- [THE RECORDS]
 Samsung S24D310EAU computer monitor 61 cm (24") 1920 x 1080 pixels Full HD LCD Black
==
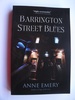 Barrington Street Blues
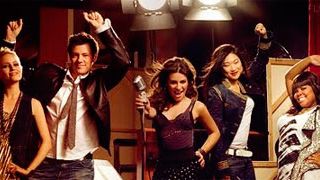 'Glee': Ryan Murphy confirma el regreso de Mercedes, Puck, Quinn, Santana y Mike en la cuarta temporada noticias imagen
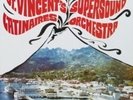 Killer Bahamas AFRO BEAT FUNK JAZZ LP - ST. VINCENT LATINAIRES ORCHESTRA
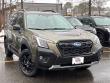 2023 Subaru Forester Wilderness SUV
--
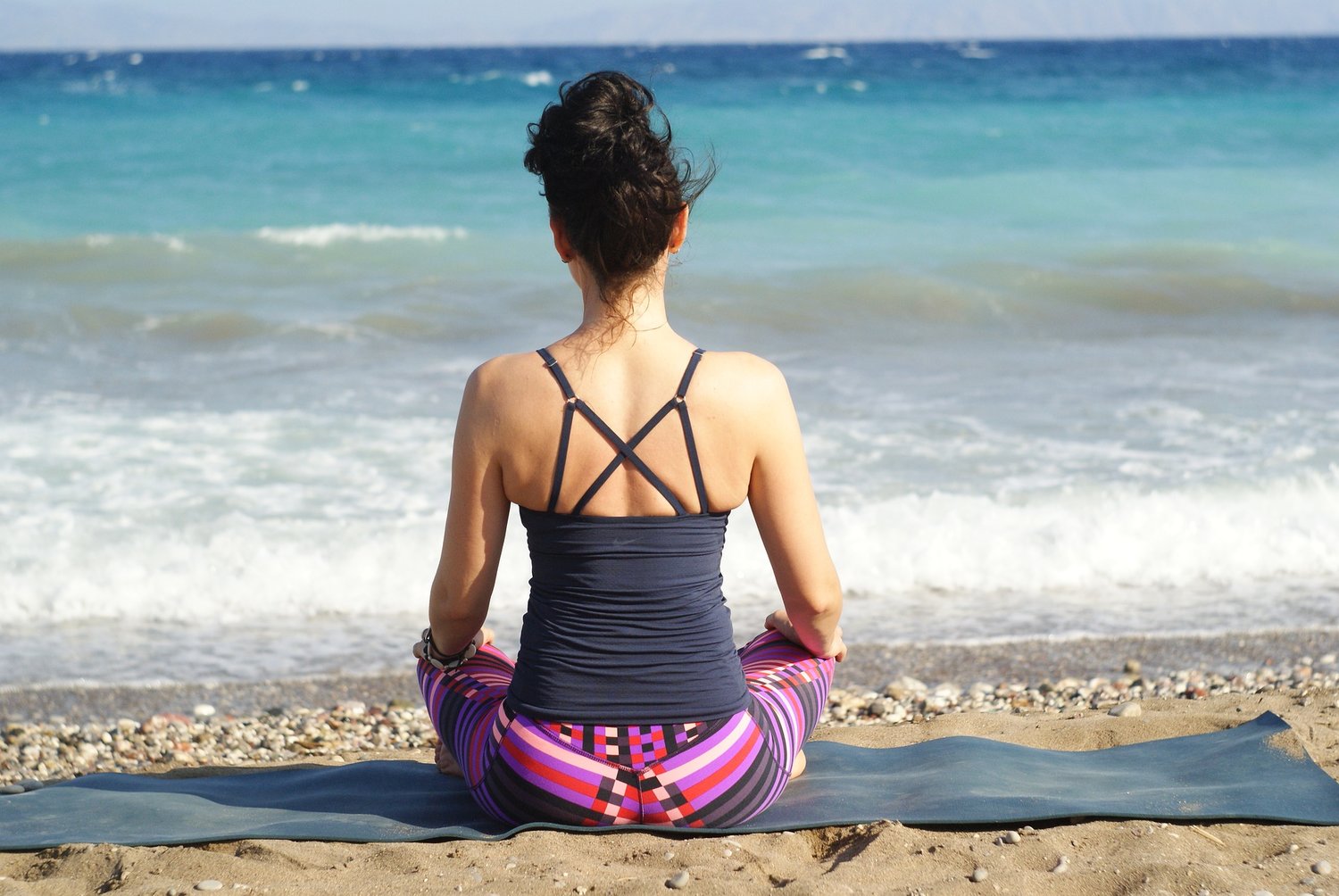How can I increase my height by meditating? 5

- [ABOUT THIS TASK]
Above, find the line holding "temporada noticias imagen" and the line holding "2023 Subaru Forester Wilderness SUV". Print exactly those two lines and every line between them, but no pictures.

- [EXERCISE RESULT]
 'Glee': Ryan Murphy confirma el regreso de Mercedes, Puck, Quinn, Santana y Mike en la cuarta temporada noticias imagen
 Killer Bahamas AFRO BEAT FUNK JAZZ LP - ST. VINCENT LATINAIRES ORCHESTRA
 2023 Subaru Forester Wilderness SUV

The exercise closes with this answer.